How does duality connect a determinant to a dot product?

Duality says: if a linear transformation from a vector space to the number line is given, there exists a vector p such that applying the transformation to x equals p · x. Here, the transformation is f(x) = det([x v w]). So there must be a vector p satisfying p · x = det([x v w]) for all x. The cross product v × w is precisely this p.

What geometric meaning does det([x v w]) have, and how does it determine p?

det([x v w]) is the signed volume of the parallelepiped spanned by x, v, and w. That volume equals (area of the parallelogram spanned by v and w) × (signed height). The height is the component of x perpendicular to the v–w parallelogram. A dot product p · x produces exactly “(length of p) × (signed projection of x onto p).” Matching these forces p to be perpendicular to both v and w, with length equal to the v–w parallelogram area.

How does the right-hand rule show up in this framework?

The determinant carries a sign based on orientation (right-hand-rule ordering of x, v, w). The dot product p · x also carries a sign depending on whether x projects onto p in the same or opposite direction. Choosing p’s direction so that these signs agree makes the sign of p · x match the determinant’s sign, reproducing the right-hand rule for v × w.

What role does the “i-hat, j-hat, k-hat in the first column” trick play?

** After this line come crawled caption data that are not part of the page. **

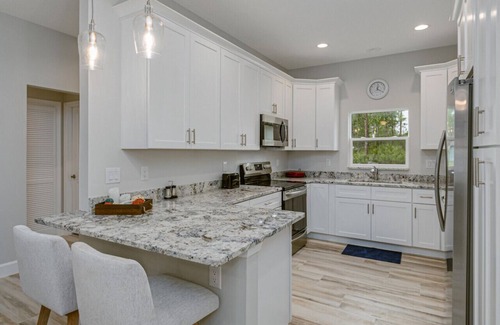 Port Malabar House | All new, lovely, spacious 3bd/2bth unit sleeps 10!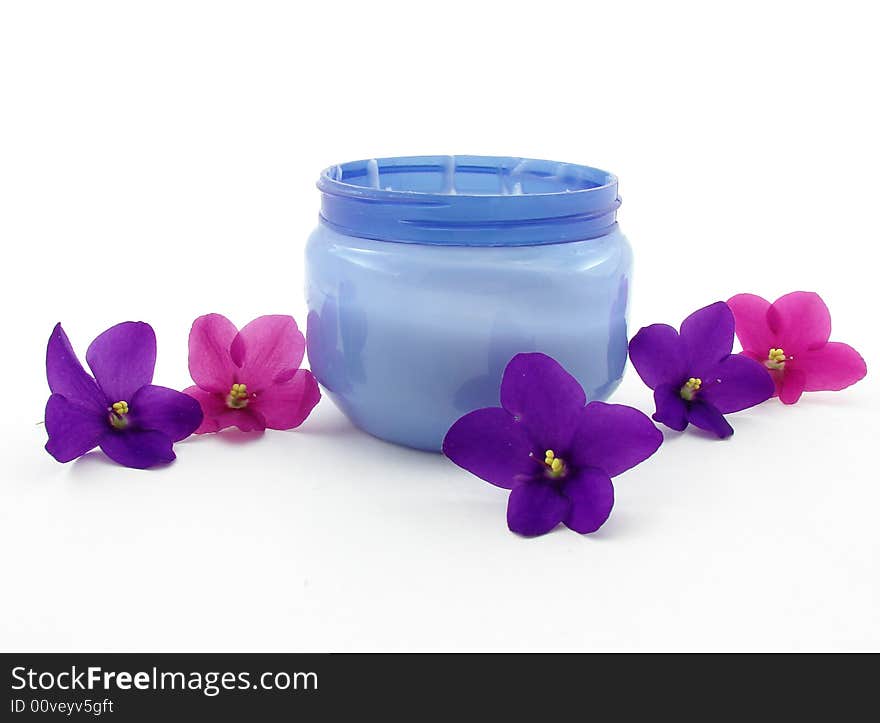 Violets and bod cream isolated on white background. Violets and bod cream isolated on white background.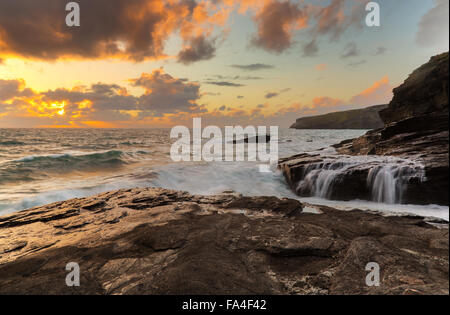 The setting sun over Trebarwith Strand in North Cornwall Stock Photo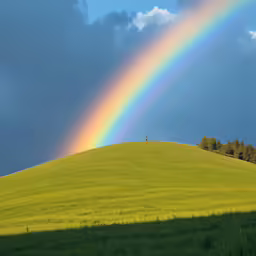 a double rainbow above the hill with some trees on top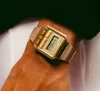 A close-up shot of a gold digital watch on a person's wrist. Podgląd zdjęcia produktu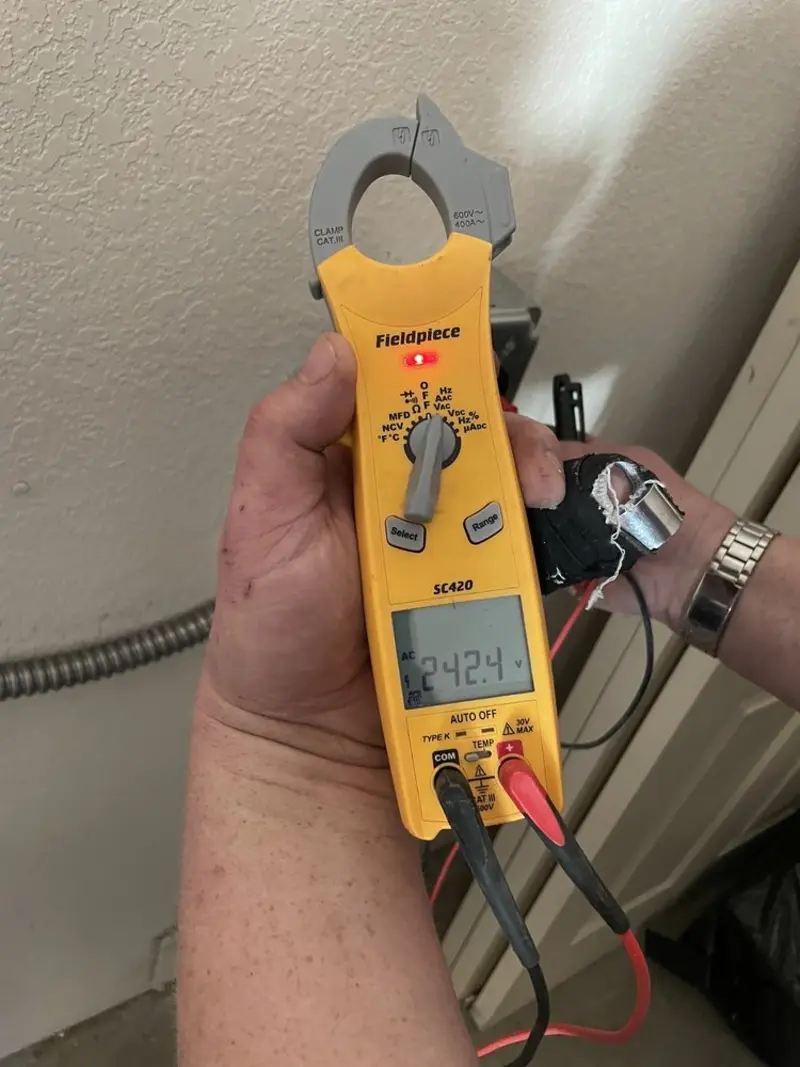Voltage testing with clamp meter during Whole House Surge Protector in Jackson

It’s a computational shortcut for extracting the coefficients of the linear function f(x). When x = (x, y, z) sits in the first column, expanding the determinant yields an expression of the form (constant)x + (constant)y + (constant)z. Those constants are exactly the coordinates of p, and the symbolic i-hat, j-hat, k-hat placeholders indicate which coefficients become the components of the resulting vector. The geometric argument then confirms that this p has the perpendicular/right-hand-rule/area properties.

Review Questions

  1. Given fixed vectors v and w, define f(x) = det([x v w]). What property of determinants ensures f is linear in x?
  2. Why must the vector p satisfying f(x) = p · x be perpendicular to v and w?
  3. How does the magnitude of v × w relate to the area of the parallelogram spanned by v and w in this duality-based explanation?

Key Points

  1. 1

    Define a linear functional f(x) = det([x v w]) by fixing v and w and letting x vary.

  2. 2

    Determinant linearity in columns makes f a linear map from 3D to the number line.

  3. 3

    Duality guarantees a unique vector p such that f(x) = p · x for all x.

  4. 4

    Interpreting det([x v w]) as signed volume shows it equals (area of v–w parallelogram) times the signed perpendicular component of x.

  5. 5

    Matching the dot-product geometry forces p to be perpendicular to both v and w and to have magnitude equal to that parallelogram area.

  6. 6

    Orientation (sign) in the determinant corresponds to the right-hand rule for the cross product direction.

Highlights

The cross product v × w is identified as the dual vector p of the determinant-based linear functional f(x) = det([x v w]).
Signed volume det([x v w]) decomposes into base area (from v and w) times height (the perpendicular component of x).
Because p · x encodes projection times length, the matching geometry forces p ⟂ v and p ⟂ w and sets |p| equal to the v–w parallelogram area.
The right-hand rule emerges automatically from how determinant orientation signs align with dot-product projection signs.